One of the debates coming out of the global financial crisis is the potential for the U.S. Dollar to loose its supremacy as continental dollarthe safe-haven and international reserve currency of choice.  The dollar has not experienced this kind of problem since the 1970s when U.S. inflation threatened the Bretton Woods agreement.  The threat to the dollar’s supremacy is based on different issues this time around.
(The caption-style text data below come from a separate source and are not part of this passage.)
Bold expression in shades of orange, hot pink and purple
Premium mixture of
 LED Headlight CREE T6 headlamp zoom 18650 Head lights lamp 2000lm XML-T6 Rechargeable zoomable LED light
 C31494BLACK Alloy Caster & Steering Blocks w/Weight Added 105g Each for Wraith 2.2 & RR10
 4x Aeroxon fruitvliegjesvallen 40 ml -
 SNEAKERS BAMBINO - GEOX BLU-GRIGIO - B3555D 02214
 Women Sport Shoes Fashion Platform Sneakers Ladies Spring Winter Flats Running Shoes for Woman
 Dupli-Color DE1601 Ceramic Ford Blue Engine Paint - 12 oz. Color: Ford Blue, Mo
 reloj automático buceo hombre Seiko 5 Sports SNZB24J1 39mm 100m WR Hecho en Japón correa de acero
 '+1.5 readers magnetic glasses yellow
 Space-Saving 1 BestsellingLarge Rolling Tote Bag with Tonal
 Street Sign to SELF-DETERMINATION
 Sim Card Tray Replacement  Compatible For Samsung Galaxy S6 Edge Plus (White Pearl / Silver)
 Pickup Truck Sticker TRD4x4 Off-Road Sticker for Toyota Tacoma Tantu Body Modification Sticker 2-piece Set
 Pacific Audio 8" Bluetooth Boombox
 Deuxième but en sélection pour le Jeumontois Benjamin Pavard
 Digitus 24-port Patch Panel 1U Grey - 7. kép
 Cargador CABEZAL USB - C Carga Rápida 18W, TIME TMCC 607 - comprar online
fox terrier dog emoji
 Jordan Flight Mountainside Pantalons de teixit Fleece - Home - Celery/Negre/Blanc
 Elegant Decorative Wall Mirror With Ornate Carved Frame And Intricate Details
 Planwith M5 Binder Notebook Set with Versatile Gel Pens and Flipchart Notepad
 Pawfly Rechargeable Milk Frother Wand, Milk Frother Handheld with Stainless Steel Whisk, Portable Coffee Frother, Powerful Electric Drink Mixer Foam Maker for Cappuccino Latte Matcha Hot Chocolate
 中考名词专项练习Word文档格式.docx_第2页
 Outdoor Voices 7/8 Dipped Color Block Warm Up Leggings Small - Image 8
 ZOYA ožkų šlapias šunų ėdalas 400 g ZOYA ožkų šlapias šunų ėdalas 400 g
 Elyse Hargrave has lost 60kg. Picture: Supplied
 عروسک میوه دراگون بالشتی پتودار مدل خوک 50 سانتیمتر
The first issue is the pervasive and increasingly huge U.S. trade deficit which  has contributed to huge dollar holdings in oil rich countries and China.  The second issue is the widespread acceptance and credibility of the Eurodollar.

Prior to the GS 2- meeting, China called for replacement of the U.S. Dollar by Special Drawing Rights (SDR) as the international reserve currency.  This would certainly diminish U.S. economic influence around the world.  What is an SDR and what is the chance it will supplant the Dollar as the currency of choice in the global economy?  The best place to learn about Special Drawing Rights is to go straight to  the IMF website.

The SDR is an international reserve asset, created by the IMF in 1969 to supplement the existing official reserves of member countries. SDRs are allocated to member countries in proportion to their IMF quotas. The SDR also serves as the unit of account of the IMF and some other international organizations. Its value is based on a basket of key international currencies.

As you can see, SDRs have been around for some time. They were created during the inflationary period of US history to support the Bretton Woods Agreement.  This agreement established a fixed exchange rate regime to help build the global economy as it was experiencing World War 2.  Bretton Woods is a small town in New Hampshire and served as the meeting place for the representatives of the 44 Allied Nations.  This agreement was the basis of international currency evaluation until it’s official demise in 1976  in Jamaica.  The system had collapsed prior to that date so the Jamaican agreement was really just an ex poste meeting to officiate the end.

Since then, most of the world’s currencies are traded on markets and the market determines their exchange rates.  This is called a flexible exchange rate regime.  Not all countries have flexible exchange rates.  Some countries (because of weak governments or problems with inflation) peg their currencies to a stronger currency in their geographic area.  Other countries adopt the currency of their economically stronger neighbors.  Some form currency unions where they share a common currency.  The biggest of these unions is the Eurozone which remains a coalition of politically independent countries that rely on the Eurodollar for trade.  Both the Wikki site I referenced above as well as the International Monetary Fund site have some really interesting historical backgrounds and are worth the read.  I’ve read through the Wikki reference and can guarantee that information on it is correct so that I do not have to send you to a textbook or someplace more complex.  (International Trade, Finance, and Macroeconomics are my primary research areas now.  I’ve somewhat branched out from my first masters area which was just basically the Financial economy of the U.S. and it’s the subject of my dissertation.)

The SDR is the unit of account for the IMF and other international development funds. It’s not really a currency or a money as we tend to think of monies today.  This is because it is not a claim on the IMF in the way that a dollar bill is a claim on the Federal Reserve Bank and essentially the U.S. Treasury.  It is a potential claim on the set of currencies that it represents.  These currencies are basically those of the IMF members and they are placed in what is known as a basket.  The basket is a weighted average of all the currencies of the members. This is how SDRs are ‘created’ (also from the IMF link.)  Today the basket consists of the yen, the Eurodollar, the U.S. dollar, and the U.K. pound sterling.